June 3, 2025
"If you want storehouses, you have them in the stomachs of the poor."
St Basil on saving your money.
"If you want storehouses, you have them in the stomachs of the poor."
St Basil on saving your money.
"As our understanding of the history of technology increases, it becomes clear that a new device merely opens a door; it does not compel one to enter. The acceptance or rejection of an invention, or the extent to which its implications are realized if it is accepted, depends quite as much upon the condition of a society, and upon the imagination of its leaders, as upon the nature of the technological item itself."
From Lynn White Jr's Medieval Technology and Social Change (1957-64)
"When my body feels good, my life feels good, and I want to keep going, and fight for my right to exist and love and grow and evolve." (Brown, Pleasure Activism)
This is something that I think about a fair bit.

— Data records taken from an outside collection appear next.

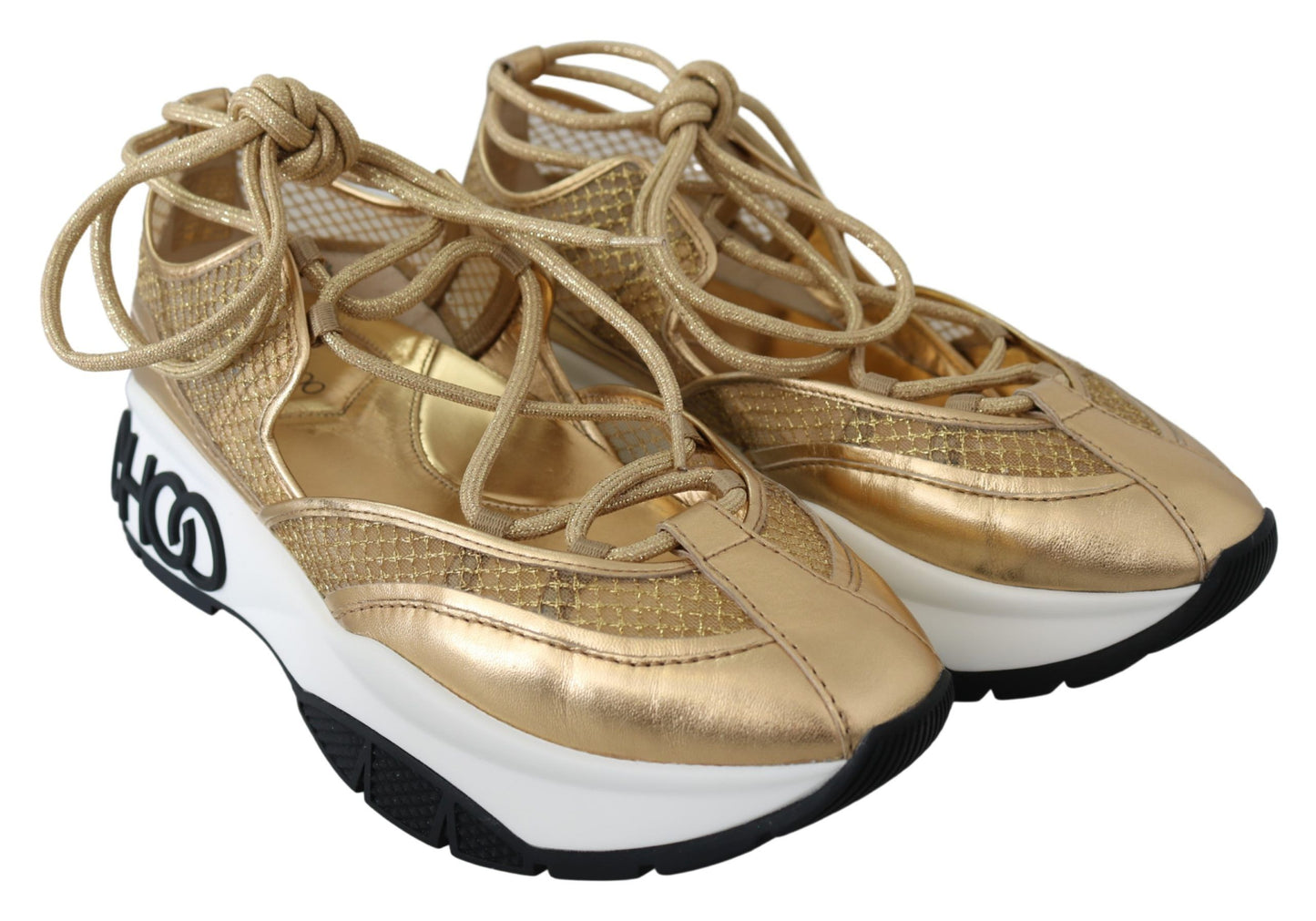 Baskets Jimmy Choo en cuir et maille Golden Glamour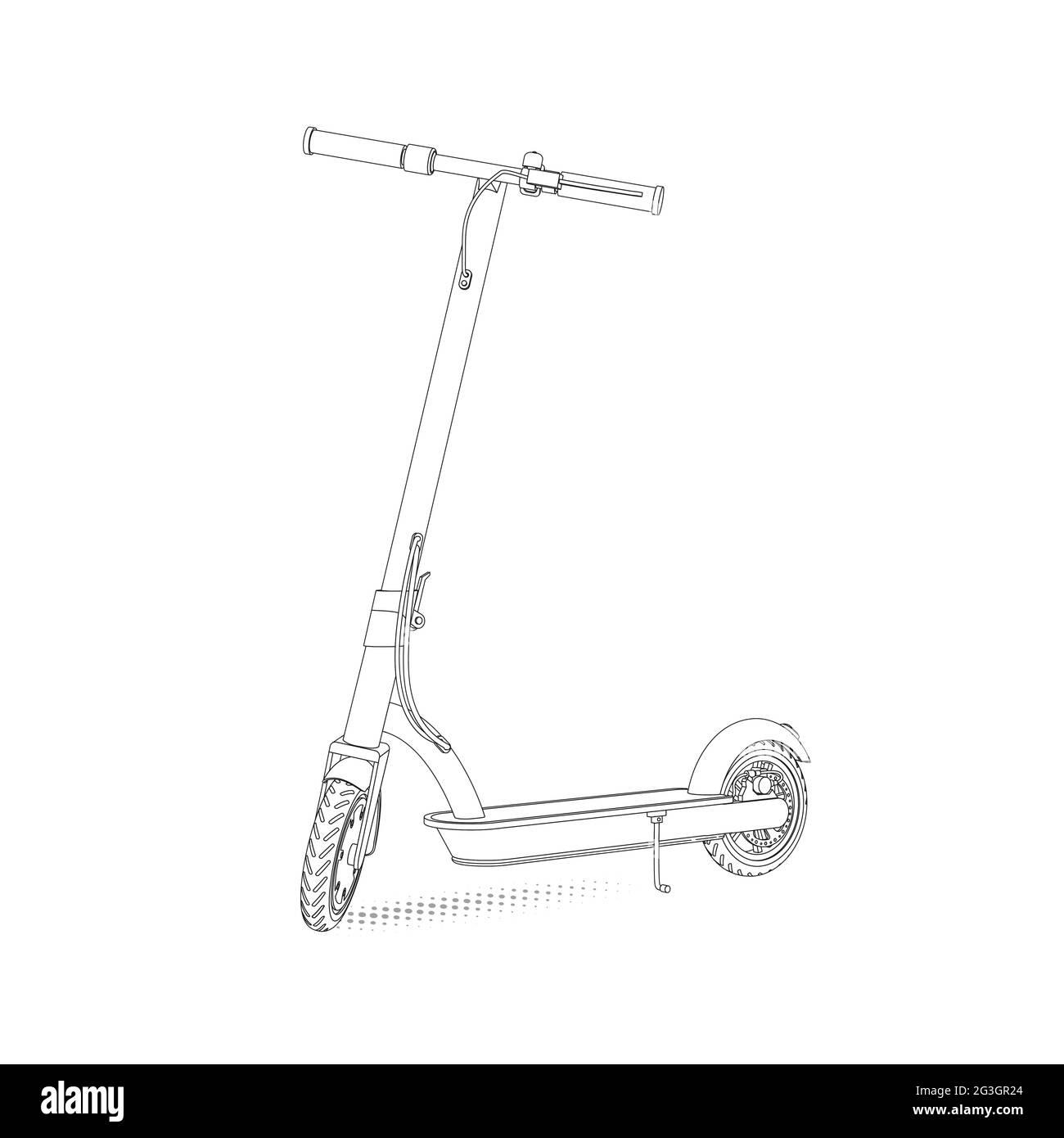 realistic illustration of an electric scooter in a linear style on white  background Stock Vector Image & Art - Alamy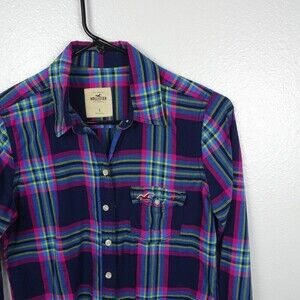 💰3/$25 HOLLISTER Women's Button Down Shirt Top LS Multicolor Plaid Western S
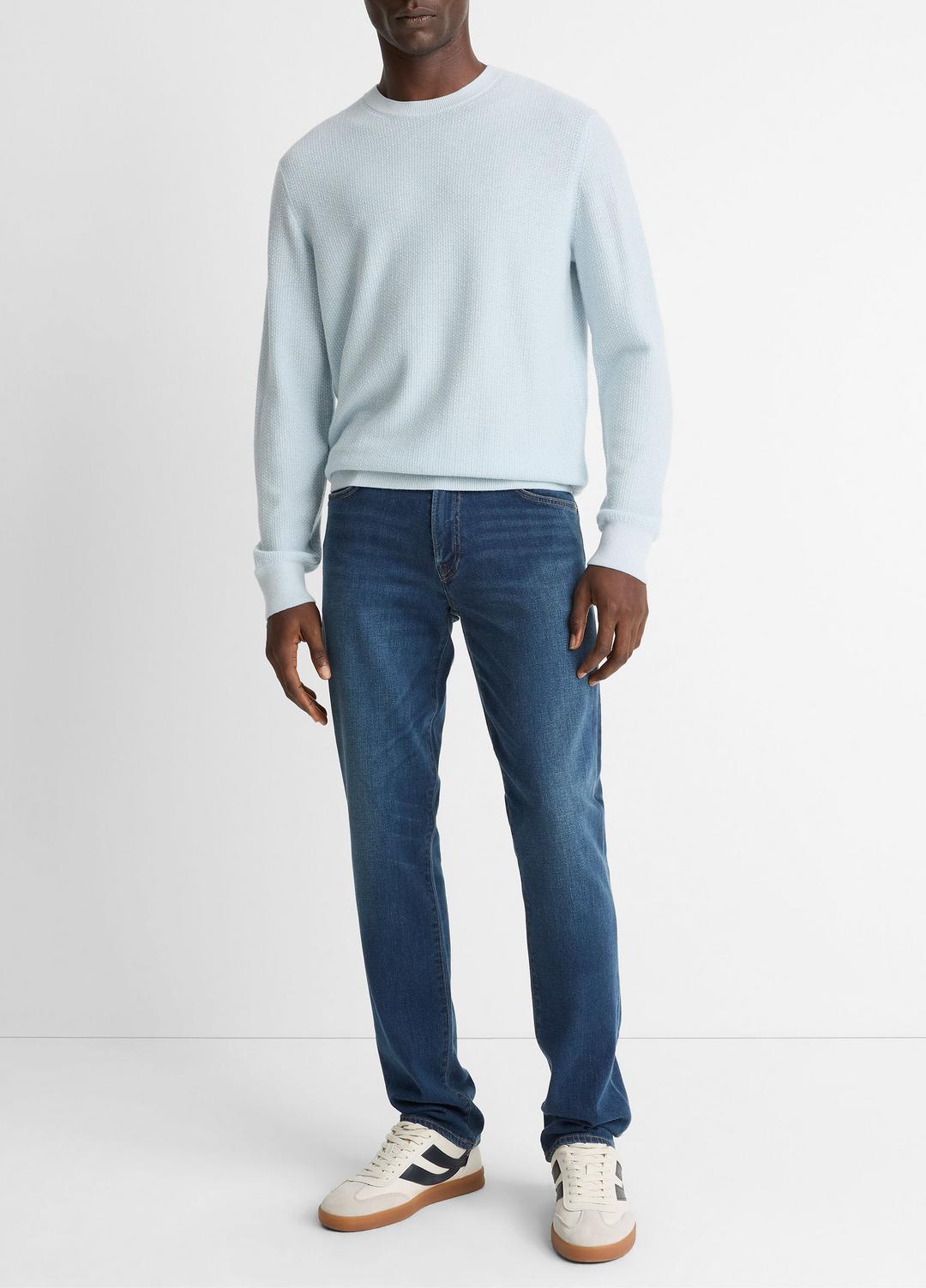 Geo-Jacquard Wool-Blend Crew Neck Sweater in Crew Neck | VINCE Men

As someone who suffers with a degree of chronic pain/discomfort and anxiety, I find it to be a rare time that my body actually feels like it's in a good place. What I have found, however, is how to pursue those few times that it does. Walking, for instance makes me feel good. Being outside in the fresh air, moving at a brisk pace, puts both my body and mind at ease. Pain is reduced, my anxious thoughts are calmed, and life feels good. I'm more energized for relationships or creative things. Conversely, when I go for long periods of time without walking, my body and mood deteriorate. I become irritable and just want to lie down and be left alone. I'm a worse person all around when I'm not walking.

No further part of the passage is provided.